Rahmelow K, Hübner W
Institut für Physikalische Chemie, Albert-Ludwigs Universität, Freiburg, Germany.
Anal Biochem. 1996 Oct 1;241(1):5-13. doi: 10.1006/abio.1996.0369.
The accuracy of the secondary structure prediction from an infrared spectra data base of 39 proteins with known X-ray structure was investigated by different methods of multivariate data analysis. The best agreements with the secondary structure determined by X-ray crystallography are obtained if both the amide I and amide II bands are used for calibration. With optimized parameters the methods singular value decomposition, partial least squares, and ridge regression yield similar results. As judged by the standard error of prediction, the secondary structure elements helix and beta-sheet can be predicted with the highest accuracy. Small data sets of less than 20 protein spectra, which exhibit the variance in secondary structure content of the whole set, can pretend an increased prediction accuracy only if column cross-validation is used as reference; however, with these calibration sets the average secondary structure prediction of all 39 proteins is debased. The hydrogen-bonded turns or bridges are predicted with higher accuracy than the assigned secondary structure types helix and beta-sheet.
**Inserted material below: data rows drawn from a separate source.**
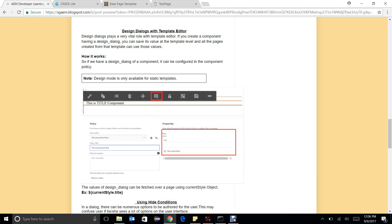Hello everyone. In this video we will learn how to use design dialogues with template editors. Design dialogue plays a very important role with template editors and it doesn't work like the generic way we used to work.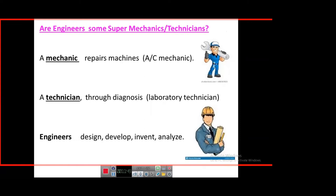People often mistake engineers for mechanics and technicians — are engineers some kind of super mechanics? A mechanic repairs a machine; a technician uses diagnostic tools to find faults and suggest maintenance solutions. Whereas an engineer is supposed to design, develop, invent, and analyze. There is an essential difference: mechanics and technicians don't generally design. The role of the engineer is to design, develop, invent, and analyze.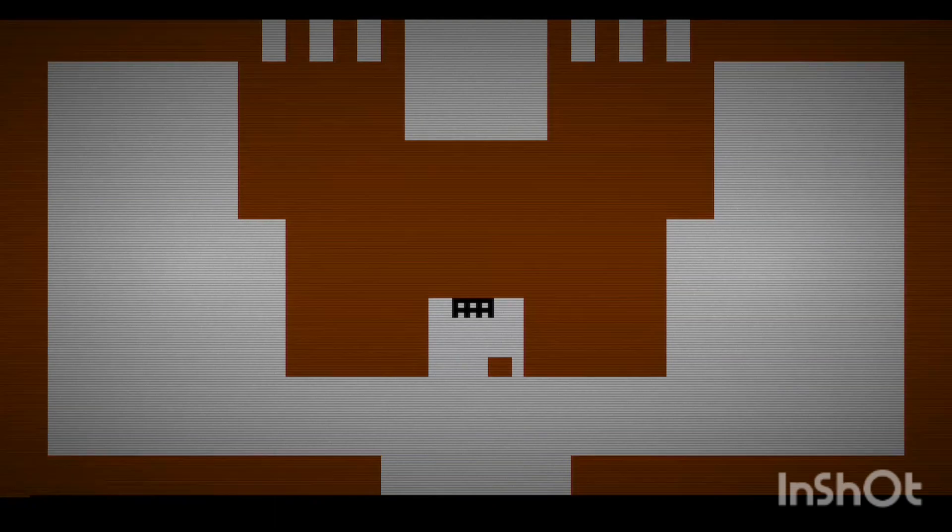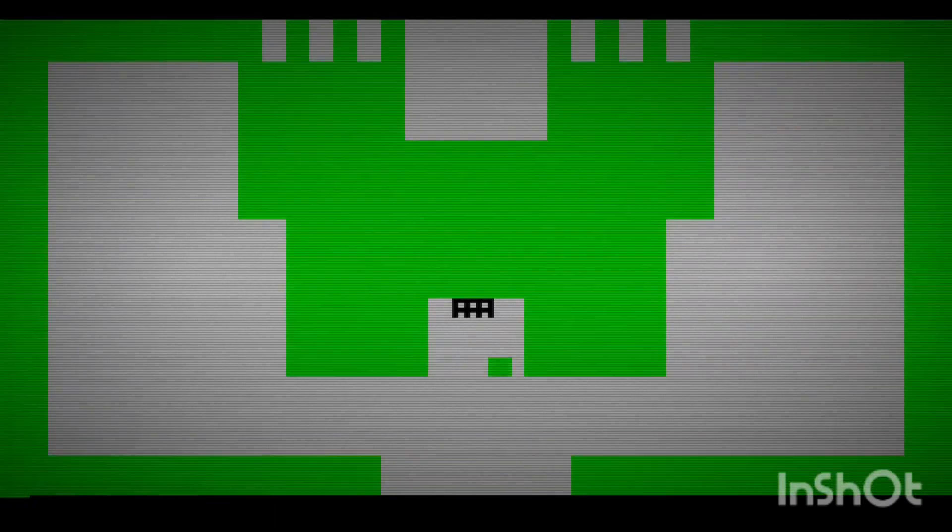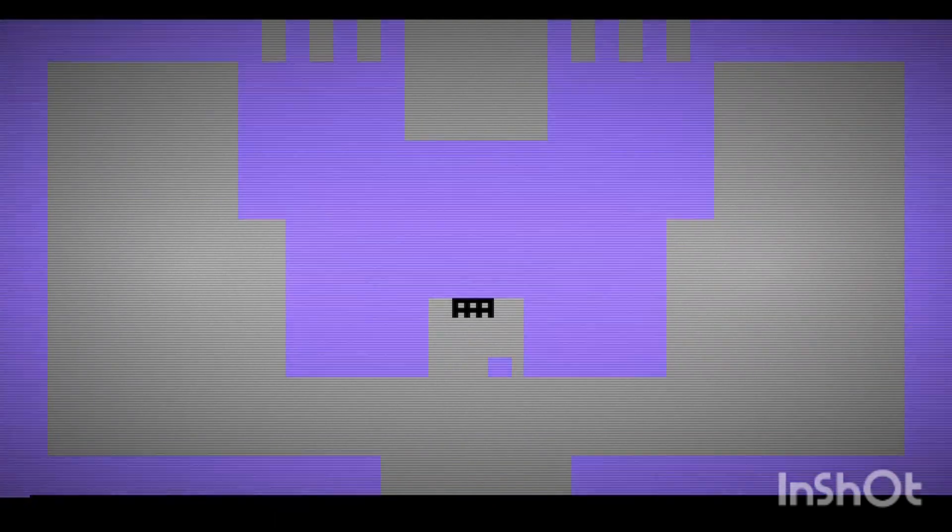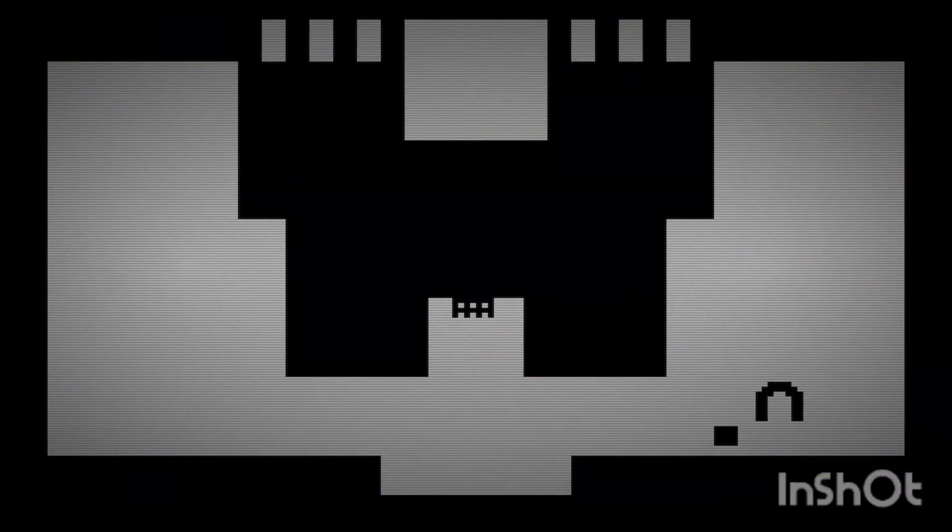Warren Robinette was the designer for this game. It took him a year to create it, one of the first easter eggs of its kind. He hid his name in a secret room I still have yet to find.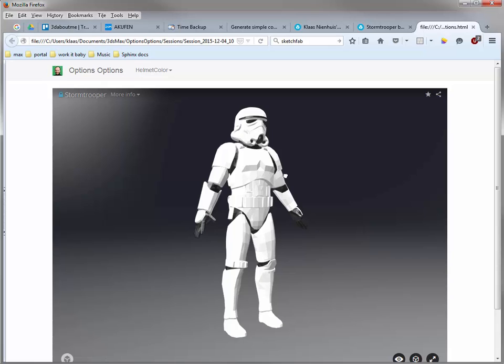From 3ds Max to an interactive 3D configurator in under 10 minutes. Okay, well, have fun.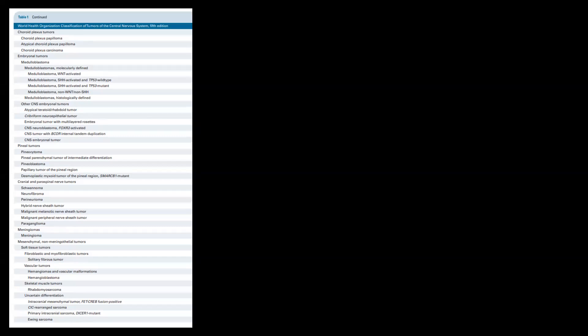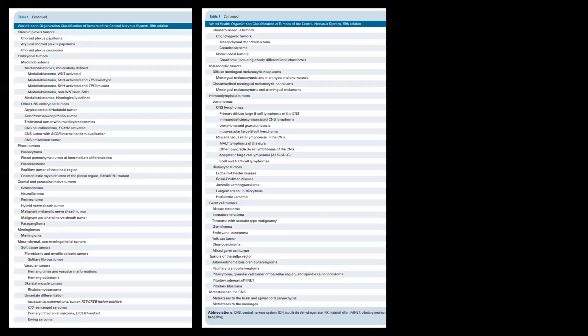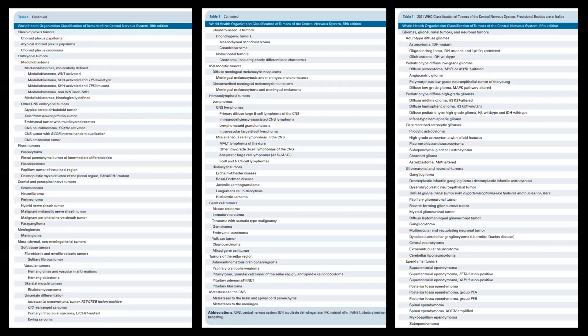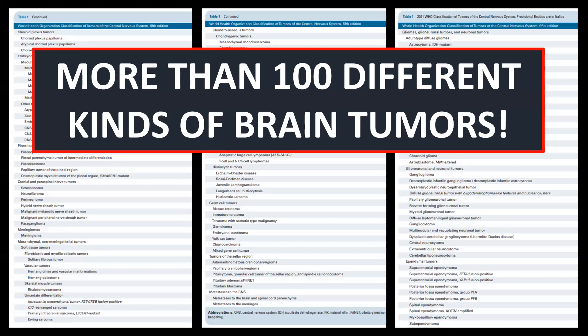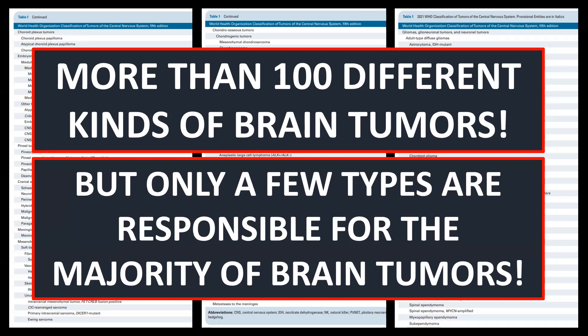Looking at primary brain tumours, there are an awful lot of them. The latest WHO 2021 classification includes over a hundred different kinds. It seems impossible to know them all, but it's not necessary, because despite this extensive list, in daily radiological practice only a small group of tumours constitutes the majority of what we encounter on scans, and many listed tumours are so rare that most radiologists will never see them.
通过不同的多元数据分析方法,研究了基于39种已知X射线结构蛋白质的红外光谱数据库进行二级结构预测的准确性。如果同时使用酰胺I带和酰胺II带进行校准,与通过X射线晶体学确定的二级结构的一致性最佳。通过优化参数,奇异值分解、偏最小二乘法和岭回归方法产生相似的结果。根据预测标准误差判断,二级结构元件螺旋和β折叠可以以最高的准确性进行预测。只有当使用列交叉验证作为参考时,少于20个蛋白质光谱的小数据集(其展现了整个数据集二级结构含量的差异)才能假装提高预测准确性;然而,使用这些校准集时,所有39种蛋白质的平均二级结构预测会降低。氢键连接的转角或桥的预测准确性高于指定的二级结构类型螺旋和β折叠。